━━━━━ Record extracts

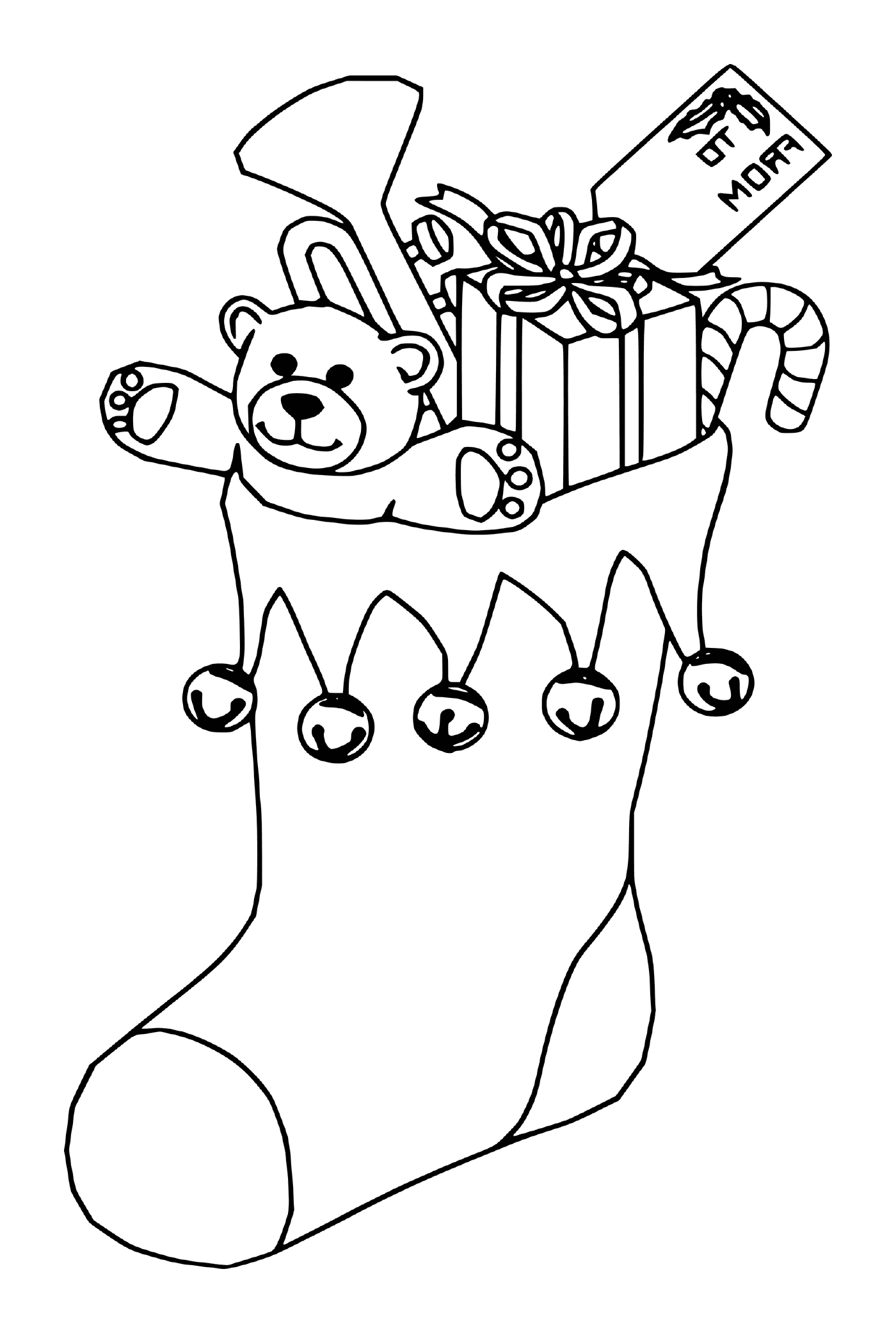  一只泰迪熊在圣诞短袜里吹号角 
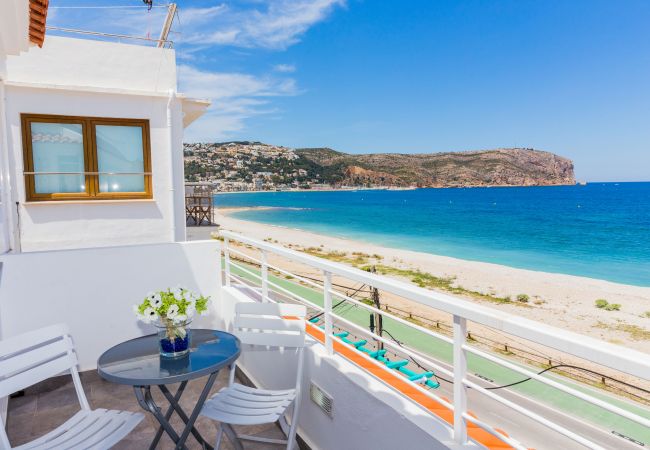 Apartamento en Javea / Xàbia - Inocencia Apartment Javea Montañar, con Vistas al Mar, AC y Piscina Comunitaria 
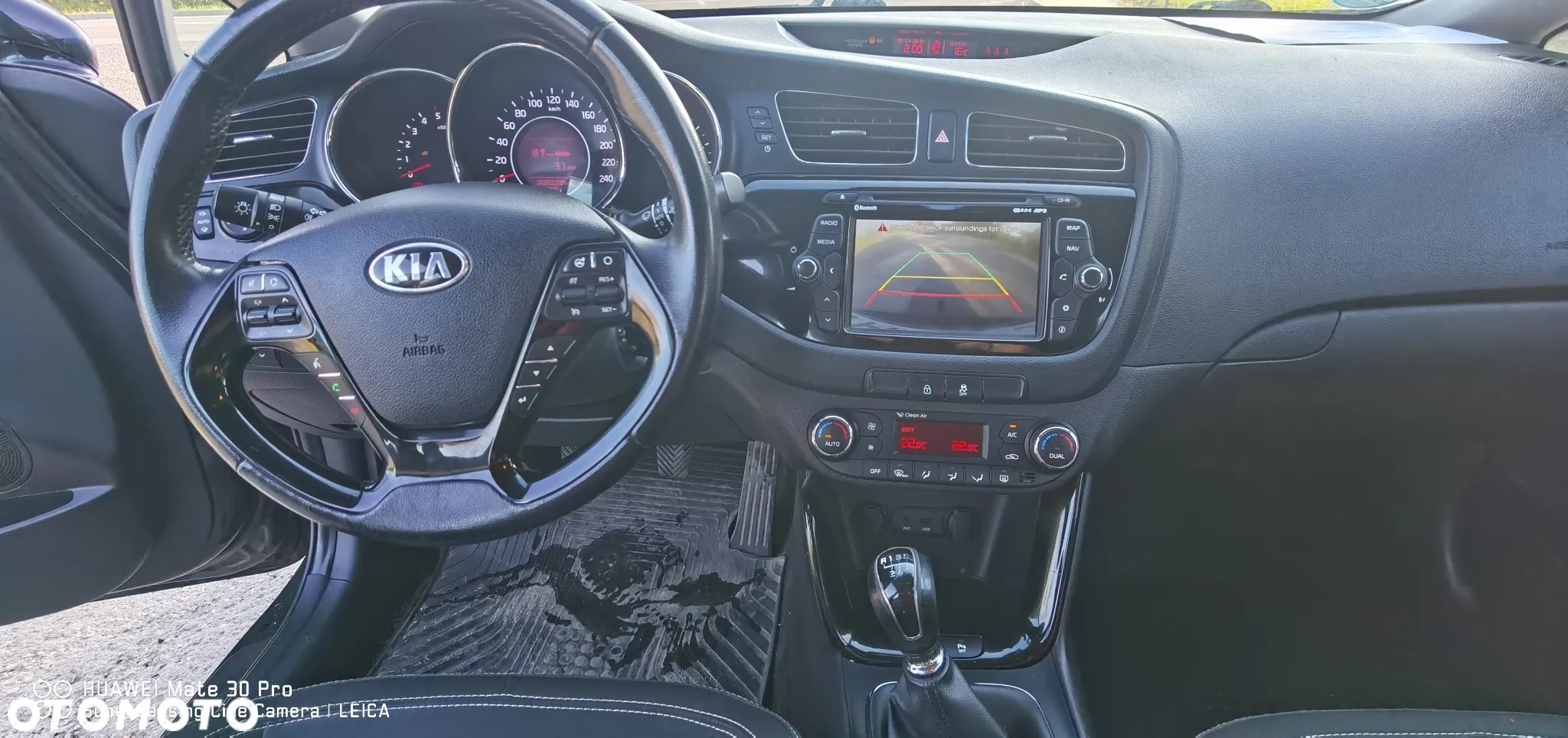 Kia Ceed 1.6 CRDi 128 ISG SW Platinum Edition - 21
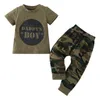 Kläder sätter sommarkläder baby pojke flicka kort ärm brev tryck armé grön topp kamouflage byxor 2 st spädbarn klädkläder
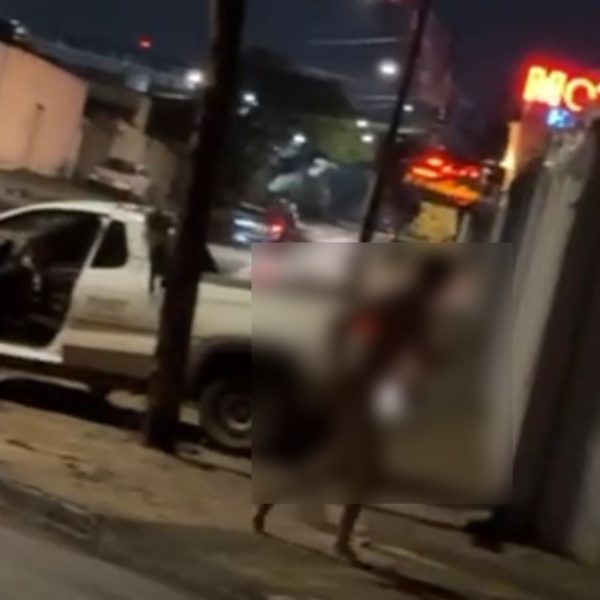 ‘Surtado’ quebra portão de motel com carro de empresa do agro, bate em poste e foge nu em MT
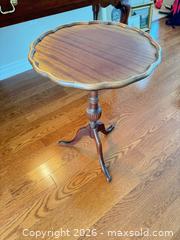 MaxSold Auction: Wood Accent Table B - Niagara Falls (Ontario, Canada) Moving Online Auction - January Drive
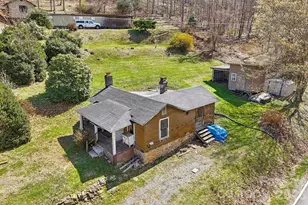 719 Camp Branch Rd, Waynesville, NC 28786 - Photo 6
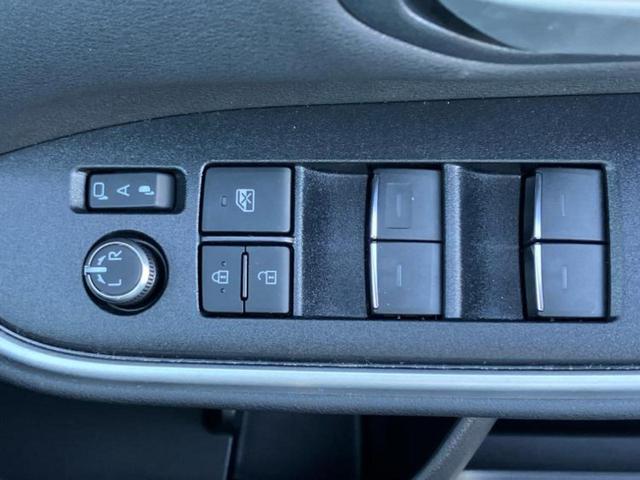 ヴォクシー ハイブリッドＳ－Ｚ　保証書／ディスプレイオーディオ１０．５インチ／フリップダウンモニター　純正　１２．８インチ／トヨタセーフティセンス／両側電動スライドドア／シートヒーター　前席／車線逸脱防止支援システム　バックカメラ（25枚目）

━━━━━━━━━━

**Exercise description**
Pictures aside, print exactly the lines above starting with the one containing "Apartamento en Javea" and going on through the one containing "Kläder sätter sommarkläder".

**Answer for this exercise**
 Apartamento en Javea / Xàbia - Inocencia Apartment Javea Montañar, con Vistas al Mar, AC y Piscina Comunitaria 
 Kia Ceed 1.6 CRDi 128 ISG SW Platinum Edition - 21
 Kläder sätter sommarkläder baby pojke flicka kort ärm brev tryck armé grön topp kamouflage byxor 2 st spädbarn klädkläder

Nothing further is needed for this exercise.